His beauty isn't dwelt on quite as much as good ol' Edward Cullen's, but it's altogether too close. When she's "only seen him twice" (actual quote) she can apparently already tell he isn't vain, despite his excessive beauty, which is what makes him so beautiful. Not the muscles or height or colouring, though these are apparently enough to need describing a LOT. Nope, she loves him 'cause, after seeing him two whole times, she just somehow "knows" he doesn't think about his gorgeousness. I believe you, Helen, thousands wouldn't. She does get one over on Bella Swan in that she calls him out on some of his creepier behaviour; naturally (him being so pretty and all) she doesn't actually, you know, DO anything about it, but at least we aren't expected to just see it as cute. It's a small thing, but it deserves mentioning in amongst all the awful.
We also discover why Helen and Lucas's oh so pure love is star crossed: in fact, it turns out Lucas has known all along but didn't tell her because he wanted to spend time with her. Apparently, it didn't occur to him (or to his family) that if he loved her, it might be an idea to give her the down low on why it's a bad idea and they can never be a couple. Everyone else - including the adults and the supposedly ever so wise mum - knows he's stringing her along, but apparently it doesn't occur to any of them to take him aside and point out the crappiness of this behaviour.

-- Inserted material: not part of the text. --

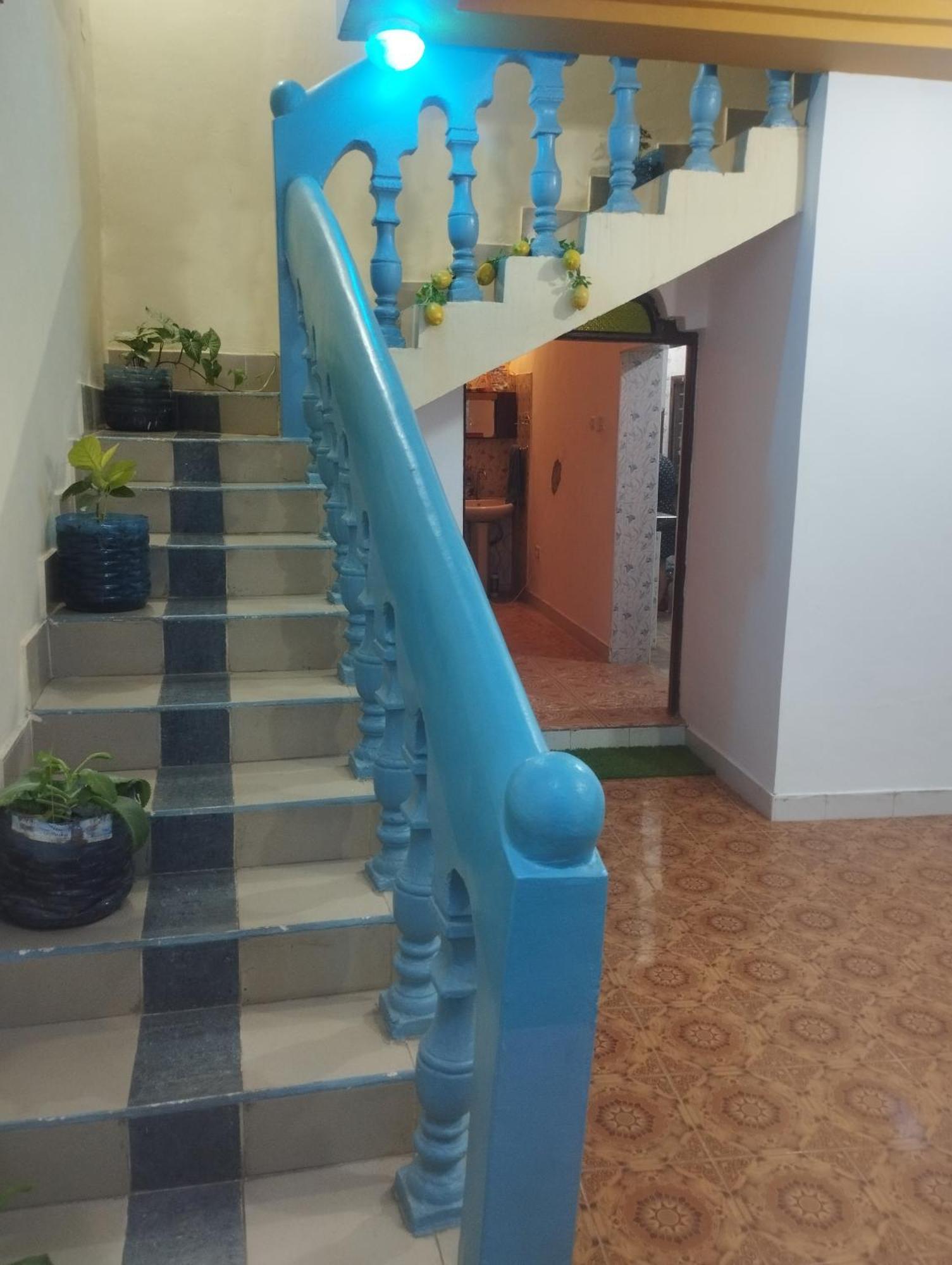 Luca&Irina Airport Comfort Zanzibar Екстериор снимка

He loves her, but apparently it doesn't occur to him that she is just as entitled to an informed decision about their entanglement as he is: nope, poor Helen doesn't find out till she's already in deep. Wow, Lucas. How loving of you. She does at least confront him about this deception, but it's pretty swiftly swept under the rug of "but I twuly lurve you, really I do!" Yup, he loves her so much he makes sure she will suffer just as much as he's going to. Wow, you're a real catch, Lucas...
Just as well he's beautiful (unlike everybody else who are just, and I quote, "nondescript shapes" to Helen) and therefore easily forgiven. Whoops, need the vomit bucket again. When she isn't able to spend time with him, she thinks maybe it'd be a "comfort" to go "stark raving mad". Because, you know, romanticising mental illness is cool these days. Another yuk.
Not only does Lucas look like a Greek god (well, he should, he is one after all), he's also super sensitive and adorable and admirable (how this fits with his huge deception of the girl he supposedly loves I'm not clear). He doesn't actually display these traits particularly, but why show when you can tell? Oh, and he's apparently super duper perceptive for noticing that "no one acts rationally when it comes to their family." This statement of the obvious makes Helen swoon. Pullease. It made me literally eye roll - credit to Angelini, I don't think I've ever actually done that at a book before, though I've felt like doing so many times.
The baddies are at least actually baddies, in that they're slightly more revolting than the good guys. Part of the family is on a mission to rid the world of evil femininity so that the poor boys can control themselves... I hope that Angelini is intending to revolt the reader by this particular gem, it's not entirely clear. To give her the benefit of the doubt I'm going to assume this is supposed to be totally repugnant. Probably/hopefully this is elaborated in further books, but honestly I can't say I care enough to find out. When the best thing I can say about the good guys is that they're not quite as grim as the bad guys...
Basically, this is a really, really fantastic, intriguing premise let down by cringeworthy "lurve", unlikeable characters, poor writing, less than stellar storytelling, enough really awful lines to give me a migraine (I don't think I'm getting over the sex change comment any time soon, I just...) and plot holes you could fly Pegasus through. I think the horrible writing is almost worse because the premise has so much potential. Greek gods! Blood feuds! Magic! Intrigue! What a shame that the book based on such great themes and ideas is so godawful.
As I said at the start, I do have to give the author just the tiniest bit of credit for the premise, and for the fact I did want to know what happened at the end, but it really is outweighed by the negative to the extent that I can't even bring myself to give this book two stars. If you're looking for a Greek god rehash of Twilight, dysfunctional relationships and all, you might like this. Otherwise, give it a wiiiiide berth.